> _DATA FOR PROCESSING_:
........
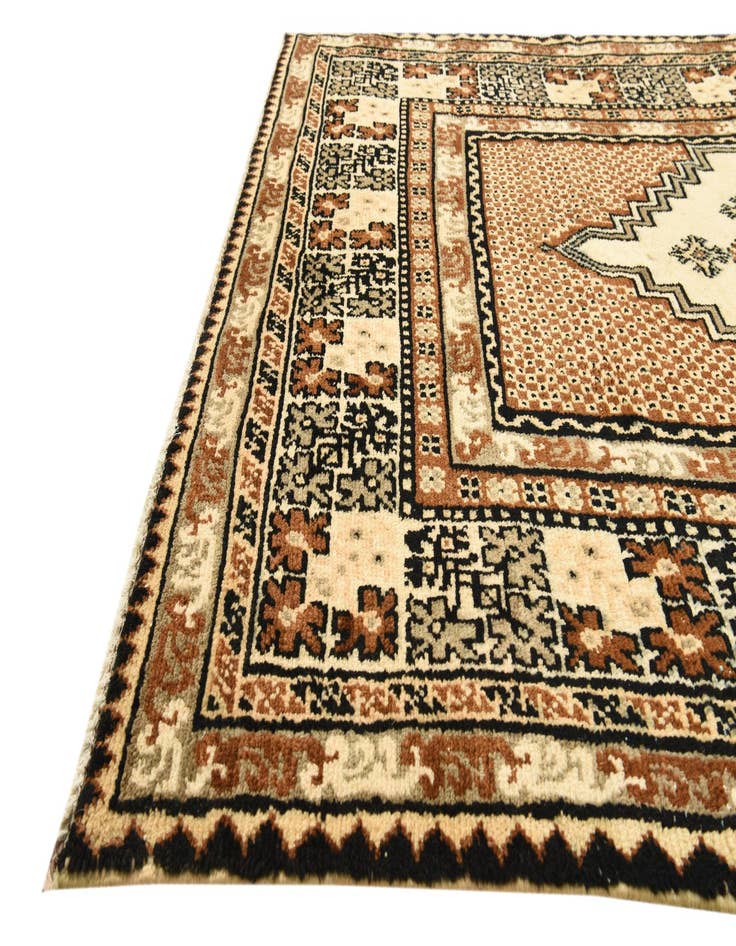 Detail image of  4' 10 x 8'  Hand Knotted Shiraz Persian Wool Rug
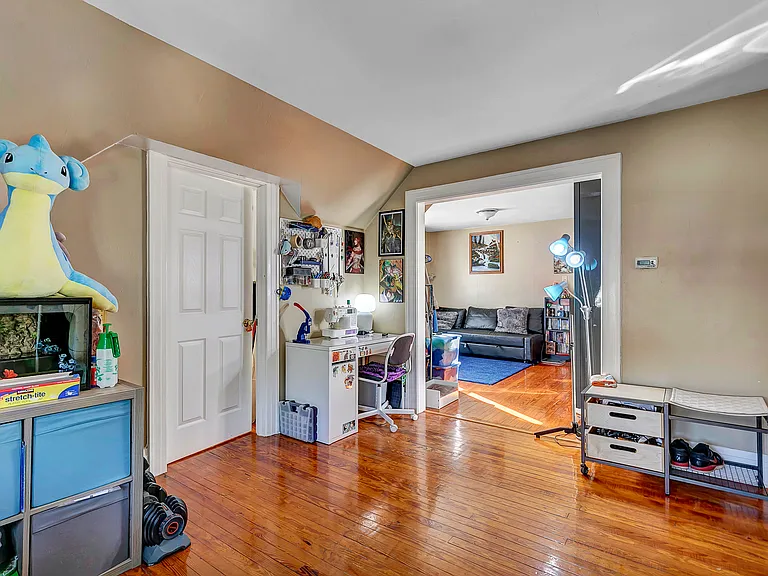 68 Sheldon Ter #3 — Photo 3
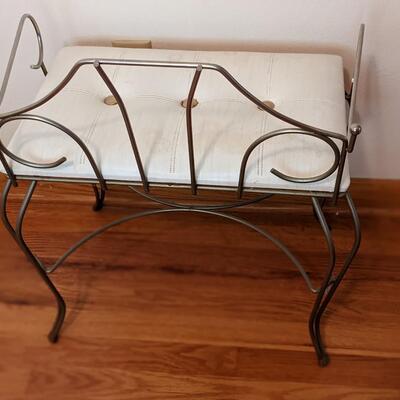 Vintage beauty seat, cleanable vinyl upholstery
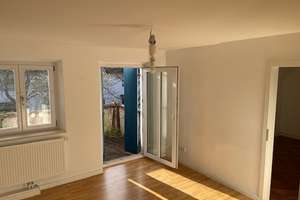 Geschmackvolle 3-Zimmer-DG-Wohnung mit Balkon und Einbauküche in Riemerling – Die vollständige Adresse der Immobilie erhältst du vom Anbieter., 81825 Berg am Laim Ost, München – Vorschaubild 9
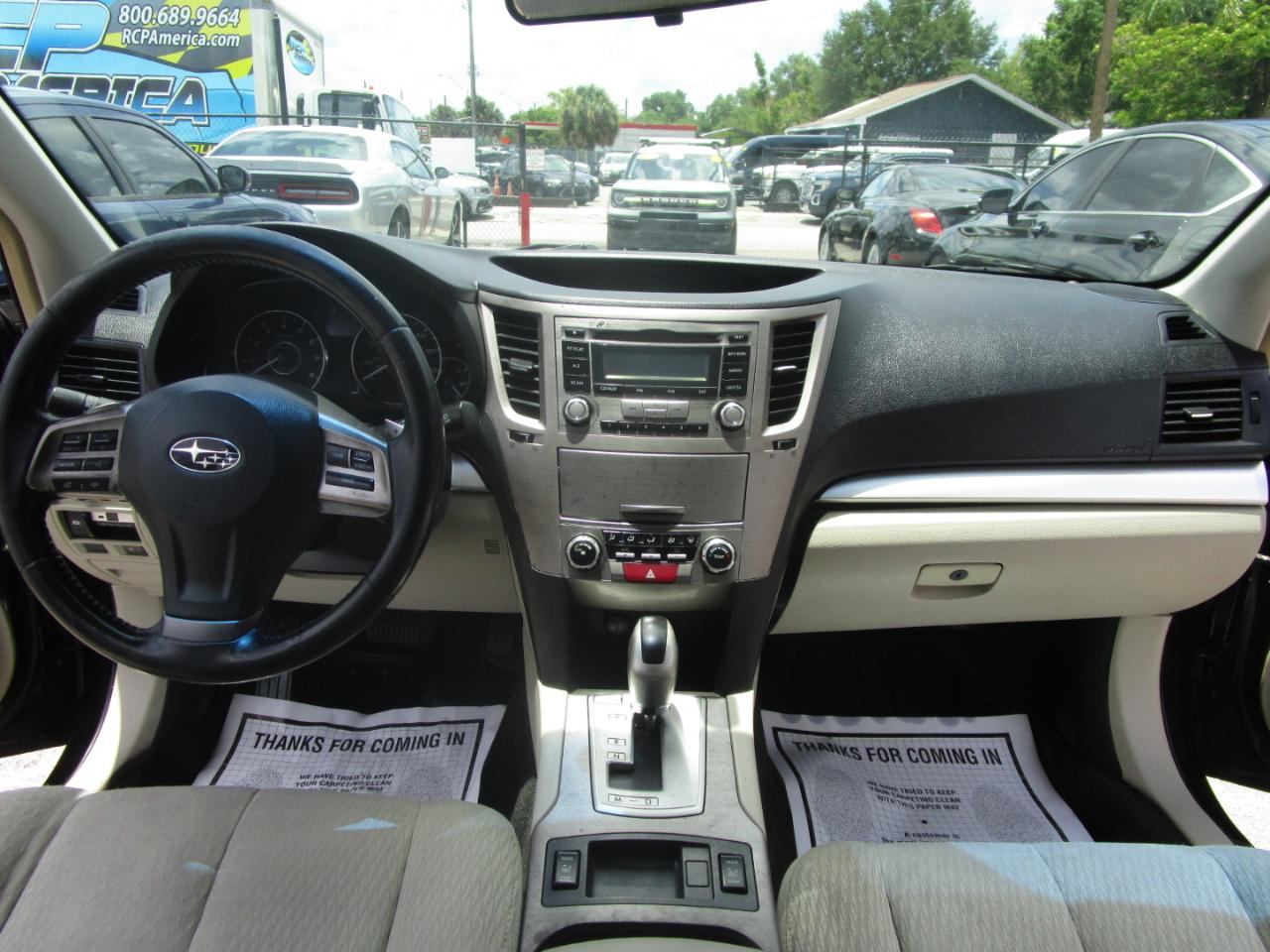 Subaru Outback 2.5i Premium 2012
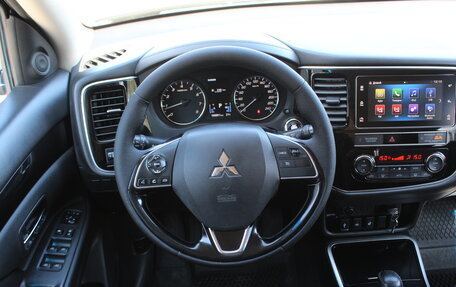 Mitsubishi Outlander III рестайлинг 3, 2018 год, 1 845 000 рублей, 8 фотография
........
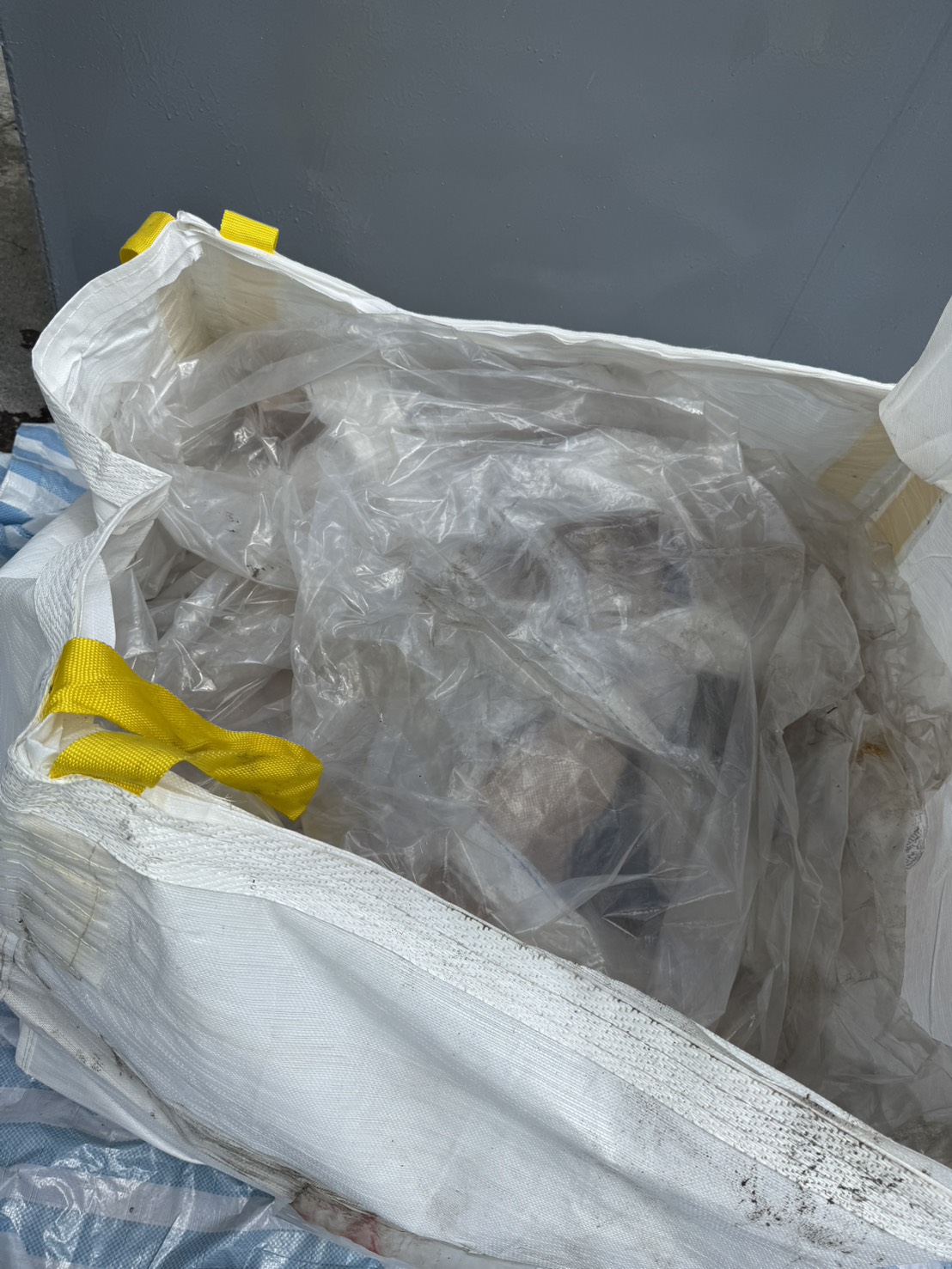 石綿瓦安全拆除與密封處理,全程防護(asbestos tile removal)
........
> _EXERCISE_:
Your copy should hold only the lines above from the one containing "Detail image of" through the one containing "Mitsubishi Outlander III", exactly as written and free of pictures.

> _SOLVED PROBLEM_:
 Detail image of  4' 10 x 8'  Hand Knotted Shiraz Persian Wool Rug
 68 Sheldon Ter #3 — Photo 3
 Vintage beauty seat, cleanable vinyl upholstery
 Geschmackvolle 3-Zimmer-DG-Wohnung mit Balkon und Einbauküche in Riemerling – Die vollständige Adresse der Immobilie erhältst du vom Anbieter., 81825 Berg am Laim Ost, München – Vorschaubild 9
 Subaru Outback 2.5i Premium 2012
 Mitsubishi Outlander III рестайлинг 3, 2018 год, 1 845 000 рублей, 8 фотография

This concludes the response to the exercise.